Plus glaçants encore certains témoignages. Comme celui qui considère Jean Michel Lee Shim comme son « papa » et qui prenait son salaire quotidien de chauffeur attitré du candidat du MSM Raouf Gulbul, d’un policier, encore un, lui-même et son épouse étant des salariés du bookmaker. Et lorsque le candidat battu propulsé à la Gambling Regulatory Authority, organisme qui délivre toutes sortes de permis pour les jeux, avait besoin de se ravitailler, il allait chez Gloria Fast Food de Shahebzada Azaree.

Vous avez oublié de qui il s’agit ? C’est celui sur lequel pesaient déjà des soupçons au moment de l’interpellation de Gianchand Dewdanee et de Navind Kisnah et de leur Rs 2 milliards d’héroïne et qui a été coffré après une incrimination précise du policier-trafiquant présumé Basana-Reddi. Son entourage revendique aussi une proximité et des photos complices avec certains travaillistes, mais ces clichés on ne les a pas vus.

Lorsqu’on redécouvre aussi que les partis extrémistes qui, hier, se spécialisaient dans des braquages pour lever des fonds et qui liquidaient les trafiquants de drogue au nom d’un nettoyage social et d’une mission de service public ont aujourd’hui en leur sein des personnes qui paient les cautions des trafiquants et qu’ils utilisent même l’obole pour aller jouer, on se doit de mesurer à quel point l’heure est grave.

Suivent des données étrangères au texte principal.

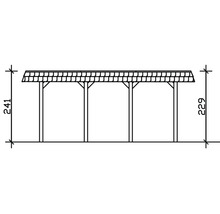 Technische Zeichnung eines Carports mit Abmessungen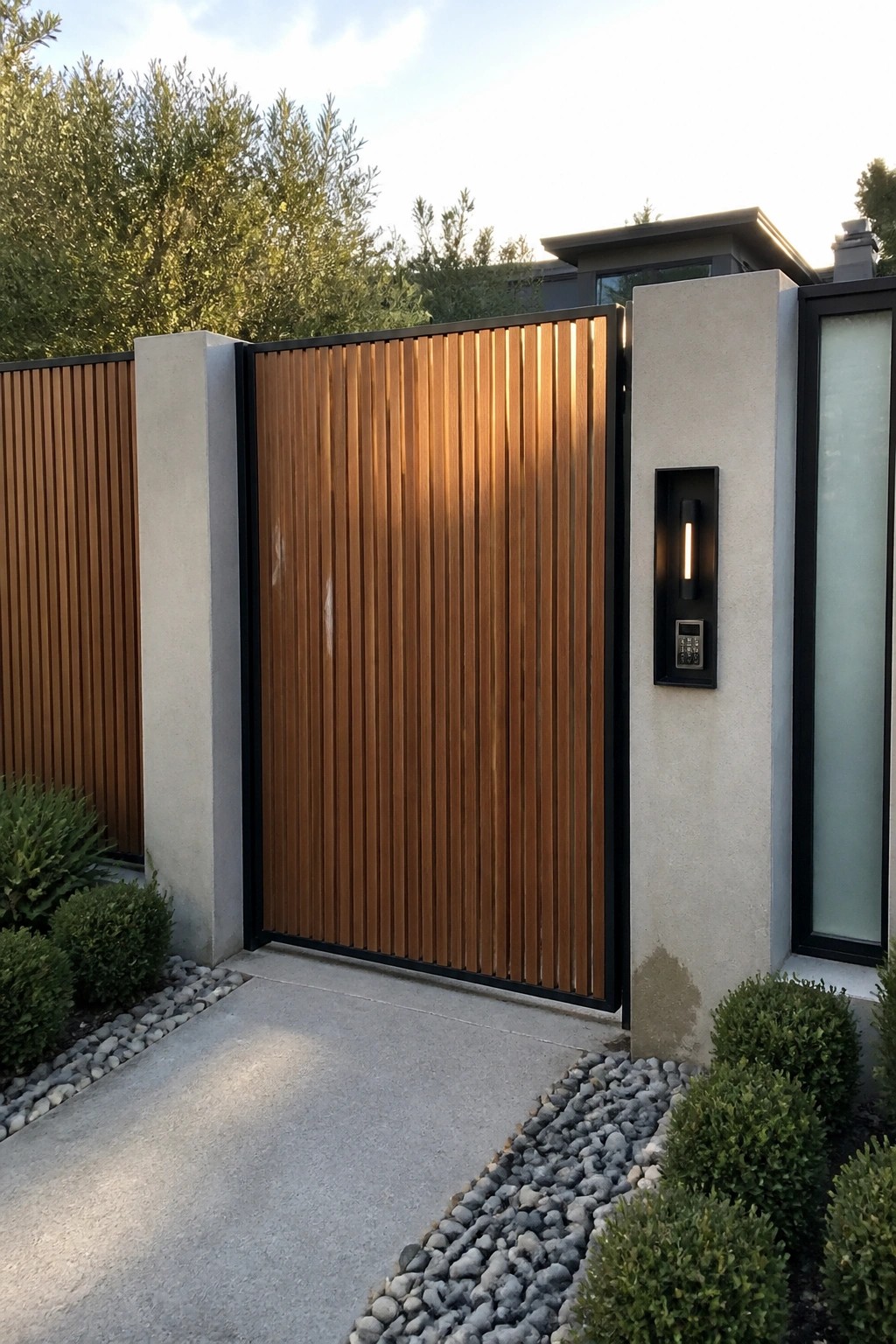 Modern vertical wood gate between concrete pillars with keypad, pebbles and shrubs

Jeux, drogue, police, politique, le cocktail létal. Voilà pourquoi c’est tout le pays qui attend que la Commission sur la drogue du trio Paul Lam Shang Leen/Sam Lauthan/Ravin Doomun fasse oeuvre de salubrité publique et que son rapport constitue ce tournant tant attendu, cette nécessaire rupture avec un système mafieux qui n’a que trop duré. Et qui a conduit à leur perte des générations de jeunes, des sacrifiés.